Legends and Myths
If it weren’t for my cider trading friends, I would not have the opportunity to try so many hard to find ciders. Leprechaun is one of them. Flown out from Texas, I received their Strawberry, Pomegranate and Dry. Today I am reviewing the Dry.
Leprechaun’s label and logo fascinates me. It’s a diamond surrounding a four-leaf clover with two large white hounds in the middle. The dogs are in position to attack the evil serpent.
What was the inspiration behind the logo? Leprechaun cider has a section on their website that tells the origin of the leprechaun. According to legend, a noble king, in pursuit from an invading tribe, left his child in the possession of his faithful hound. When he returned, the dog was covered in blood and his son was missing. In the heat of rage, the king killed his dog. In the distance, the king heard whimpering and when he approached the brush, he found his precious son safe, who had been protected from the giant dog which had slain an evil serpent.

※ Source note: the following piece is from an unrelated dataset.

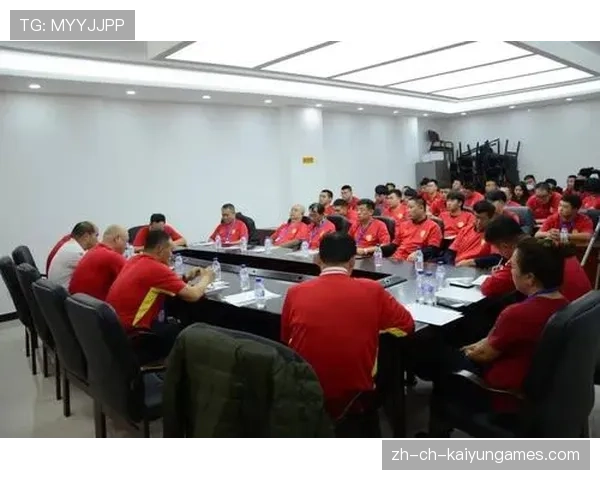 俱乐部设立球迷理事会 听取支持者意见改进服务，俱乐部理事会成员组成规定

Because of his betrayal towards his devoted dog, the King was cursed and forever doomed into trickery and betrayal toward others. He became known as Leprechaun.
I asked Jake Schiffer from Leprechaun Ciderto further elaborate how the story of theLeprechaun relates to his artisanal ciders and this is what he had to say.

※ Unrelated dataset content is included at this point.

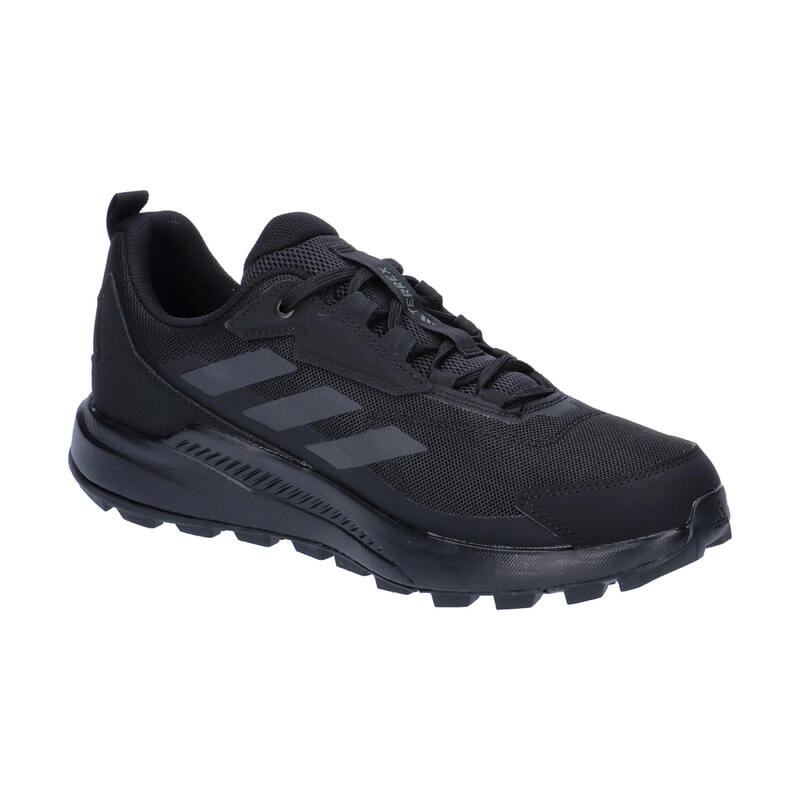 Pantofi de drumeție Terrex Anylander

“The story originates from Ireland, but when I was living there I fell in love with cider. The story is supposed to take place in the kings orchard. I loved the story, and it just so happened to be in Killarney where I had cider for the first time, so the two stuck together. Also, the original story of the Leprechaun is nothing like anyone in America has ever been introduced to – in turn, our ciders are the same way.”

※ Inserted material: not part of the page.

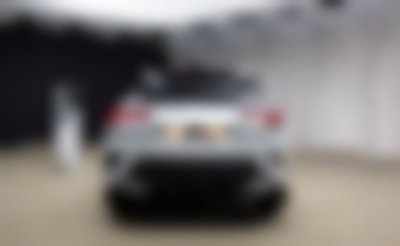 Kia XCeed Facelift 2023 2022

And how true that is so let’s take a look at Leprechaun’s Dry Cider.
Leprechaun Dry surfaced my glass with aggressive and small happy bubbles. No mousse formed but as I mentioned before it depends what glass you use. The cider was crystal clear and projected a brilliant color, that of a pilsner.
I really loved the bouquet and I pulled out some interesting characteristics. Sweet floral nose with aromatic fruit such as apricots and star fruit. Typical band aid and fresh-cut grass provided the characters of propper cider apples.
A creamy and full bodied mouthfeel gave me the texture I typically desire, and you know how serious I am about texture. I thought the carbonation was approachable.
The first flavor I detected was white grape followed quickly by unripe pear and dried flowers. Botanical like. Tannins were soft enough to please most palates. The balanced acidity provided a blank canvas for the band aid – like cellar profile. BTW, this is a good quality to have for artisanal ciders. The subtle funky character hung tight in the middle and back palate. Leprechaun Dry was just that, dry the entire way through with a “do not forget me finish.”